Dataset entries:

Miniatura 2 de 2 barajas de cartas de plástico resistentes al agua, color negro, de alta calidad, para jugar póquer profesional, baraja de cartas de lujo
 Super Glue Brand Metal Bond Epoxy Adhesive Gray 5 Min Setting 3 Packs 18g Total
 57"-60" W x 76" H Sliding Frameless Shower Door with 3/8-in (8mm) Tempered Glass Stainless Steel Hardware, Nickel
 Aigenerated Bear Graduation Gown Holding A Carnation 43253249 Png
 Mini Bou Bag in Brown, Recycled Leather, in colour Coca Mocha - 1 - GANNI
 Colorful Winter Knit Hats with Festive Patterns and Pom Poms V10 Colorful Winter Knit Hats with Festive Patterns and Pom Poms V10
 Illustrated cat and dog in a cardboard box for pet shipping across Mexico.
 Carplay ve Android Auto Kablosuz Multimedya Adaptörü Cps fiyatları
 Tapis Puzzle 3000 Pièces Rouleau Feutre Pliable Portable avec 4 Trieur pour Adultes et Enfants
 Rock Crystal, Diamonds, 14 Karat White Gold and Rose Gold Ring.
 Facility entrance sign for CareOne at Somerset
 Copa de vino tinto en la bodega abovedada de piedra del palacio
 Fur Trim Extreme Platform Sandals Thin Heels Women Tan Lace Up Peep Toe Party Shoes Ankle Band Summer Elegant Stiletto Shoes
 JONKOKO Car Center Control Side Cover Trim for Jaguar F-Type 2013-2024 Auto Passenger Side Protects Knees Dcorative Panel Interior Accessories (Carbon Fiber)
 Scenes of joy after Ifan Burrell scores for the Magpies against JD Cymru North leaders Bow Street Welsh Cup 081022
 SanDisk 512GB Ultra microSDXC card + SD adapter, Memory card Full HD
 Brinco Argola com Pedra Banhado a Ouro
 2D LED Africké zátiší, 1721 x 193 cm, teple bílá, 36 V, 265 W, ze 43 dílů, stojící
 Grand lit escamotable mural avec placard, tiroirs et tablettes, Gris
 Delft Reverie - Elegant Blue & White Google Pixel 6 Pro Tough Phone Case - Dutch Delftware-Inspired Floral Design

Required work>
Return every line from the entries above that contains the word "Trim".

Solution to this task>
 Fur Trim Extreme Platform Sandals Thin Heels Women Tan Lace Up Peep Toe Party Shoes Ankle Band Summer Elegant Stiletto Shoes
 JONKOKO Car Center Control Side Cover Trim for Jaguar F-Type 2013-2024 Auto Passenger Side Protects Knees Dcorative Panel Interior Accessories (Carbon Fiber)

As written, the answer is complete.